*ABOUT THIS TASK*. Repeat each line, word for word, from the one containing "this 700×400 image." through the last line of the entries, and include no other output.

*Free-text object descriptions*.

# # # #

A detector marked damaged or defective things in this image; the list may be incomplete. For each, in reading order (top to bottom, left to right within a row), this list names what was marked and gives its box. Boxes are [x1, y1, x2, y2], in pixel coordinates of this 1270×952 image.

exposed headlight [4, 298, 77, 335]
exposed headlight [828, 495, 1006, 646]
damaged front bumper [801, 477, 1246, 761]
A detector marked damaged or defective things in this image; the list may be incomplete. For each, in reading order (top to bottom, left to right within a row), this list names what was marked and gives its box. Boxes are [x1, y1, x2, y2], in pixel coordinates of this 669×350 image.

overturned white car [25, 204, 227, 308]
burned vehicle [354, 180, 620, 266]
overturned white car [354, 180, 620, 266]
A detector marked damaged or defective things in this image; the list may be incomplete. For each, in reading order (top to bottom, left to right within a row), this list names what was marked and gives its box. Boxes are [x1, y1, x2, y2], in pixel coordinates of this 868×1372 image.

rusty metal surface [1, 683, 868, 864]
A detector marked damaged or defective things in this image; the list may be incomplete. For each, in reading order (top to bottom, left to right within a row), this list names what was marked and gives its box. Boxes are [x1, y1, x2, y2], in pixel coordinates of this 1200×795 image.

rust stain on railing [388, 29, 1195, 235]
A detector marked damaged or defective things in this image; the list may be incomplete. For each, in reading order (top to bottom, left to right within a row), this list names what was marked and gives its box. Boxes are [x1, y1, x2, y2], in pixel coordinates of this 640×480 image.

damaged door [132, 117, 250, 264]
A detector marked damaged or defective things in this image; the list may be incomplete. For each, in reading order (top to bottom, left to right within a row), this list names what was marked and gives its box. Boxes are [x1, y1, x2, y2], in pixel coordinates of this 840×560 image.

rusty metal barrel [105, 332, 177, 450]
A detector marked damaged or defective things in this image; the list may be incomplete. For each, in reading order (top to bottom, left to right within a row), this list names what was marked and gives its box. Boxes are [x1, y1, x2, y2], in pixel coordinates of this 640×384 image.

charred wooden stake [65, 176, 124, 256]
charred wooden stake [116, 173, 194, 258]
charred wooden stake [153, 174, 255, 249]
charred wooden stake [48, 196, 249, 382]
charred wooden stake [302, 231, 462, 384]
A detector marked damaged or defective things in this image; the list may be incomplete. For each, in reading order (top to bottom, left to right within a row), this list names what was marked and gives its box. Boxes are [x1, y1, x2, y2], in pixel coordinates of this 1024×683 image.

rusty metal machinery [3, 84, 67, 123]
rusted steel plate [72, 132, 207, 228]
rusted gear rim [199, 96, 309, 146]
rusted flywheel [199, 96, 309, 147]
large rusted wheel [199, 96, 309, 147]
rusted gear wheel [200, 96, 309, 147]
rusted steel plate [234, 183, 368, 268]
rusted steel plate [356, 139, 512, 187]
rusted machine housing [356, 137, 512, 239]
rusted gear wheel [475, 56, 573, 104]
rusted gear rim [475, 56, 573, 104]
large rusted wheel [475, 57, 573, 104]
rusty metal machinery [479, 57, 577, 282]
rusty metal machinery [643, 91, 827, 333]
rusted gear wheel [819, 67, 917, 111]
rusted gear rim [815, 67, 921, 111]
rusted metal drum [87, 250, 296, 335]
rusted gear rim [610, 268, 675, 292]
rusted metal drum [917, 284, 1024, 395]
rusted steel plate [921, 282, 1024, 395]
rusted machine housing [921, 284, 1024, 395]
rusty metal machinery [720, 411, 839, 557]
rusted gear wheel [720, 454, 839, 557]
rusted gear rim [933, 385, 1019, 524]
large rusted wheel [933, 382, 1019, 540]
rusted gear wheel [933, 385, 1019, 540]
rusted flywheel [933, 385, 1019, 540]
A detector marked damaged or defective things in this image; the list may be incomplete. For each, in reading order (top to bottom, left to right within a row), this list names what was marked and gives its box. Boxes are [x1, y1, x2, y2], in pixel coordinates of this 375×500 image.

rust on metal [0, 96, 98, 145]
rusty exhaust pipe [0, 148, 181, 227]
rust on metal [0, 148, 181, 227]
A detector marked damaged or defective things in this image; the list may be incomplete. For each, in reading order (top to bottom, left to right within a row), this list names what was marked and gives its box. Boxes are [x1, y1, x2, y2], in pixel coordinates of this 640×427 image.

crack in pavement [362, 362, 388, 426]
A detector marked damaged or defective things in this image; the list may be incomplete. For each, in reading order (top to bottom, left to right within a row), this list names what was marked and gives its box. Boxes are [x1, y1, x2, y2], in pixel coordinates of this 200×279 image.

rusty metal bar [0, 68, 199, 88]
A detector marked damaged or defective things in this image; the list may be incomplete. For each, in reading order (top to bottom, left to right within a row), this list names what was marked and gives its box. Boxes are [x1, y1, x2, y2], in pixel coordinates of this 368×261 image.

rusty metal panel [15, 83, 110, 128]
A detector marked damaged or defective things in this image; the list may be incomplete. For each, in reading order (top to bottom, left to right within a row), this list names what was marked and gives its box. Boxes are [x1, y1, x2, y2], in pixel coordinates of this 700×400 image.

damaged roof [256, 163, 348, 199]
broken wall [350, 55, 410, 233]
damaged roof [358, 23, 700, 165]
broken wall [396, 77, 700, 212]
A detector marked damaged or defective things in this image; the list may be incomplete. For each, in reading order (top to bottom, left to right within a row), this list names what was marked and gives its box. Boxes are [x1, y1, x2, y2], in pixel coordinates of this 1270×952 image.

# # # #

*WRITTEN RESPONSE*.
A detector marked damaged or defective things in this image; the list may be incomplete. For each, in reading order (top to bottom, left to right within a row), this list names what was marked and gives its box. Boxes are [x1, y1, x2, y2], in pixel coordinates of this 700×400 image.

damaged roof [256, 163, 348, 199]
broken wall [350, 55, 410, 233]
damaged roof [358, 23, 700, 165]
broken wall [396, 77, 700, 212]
A detector marked damaged or defective things in this image; the list may be incomplete. For each, in reading order (top to bottom, left to right within a row), this list names what was marked and gives its box. Boxes are [x1, y1, x2, y2], in pixel coordinates of this 1270×952 image.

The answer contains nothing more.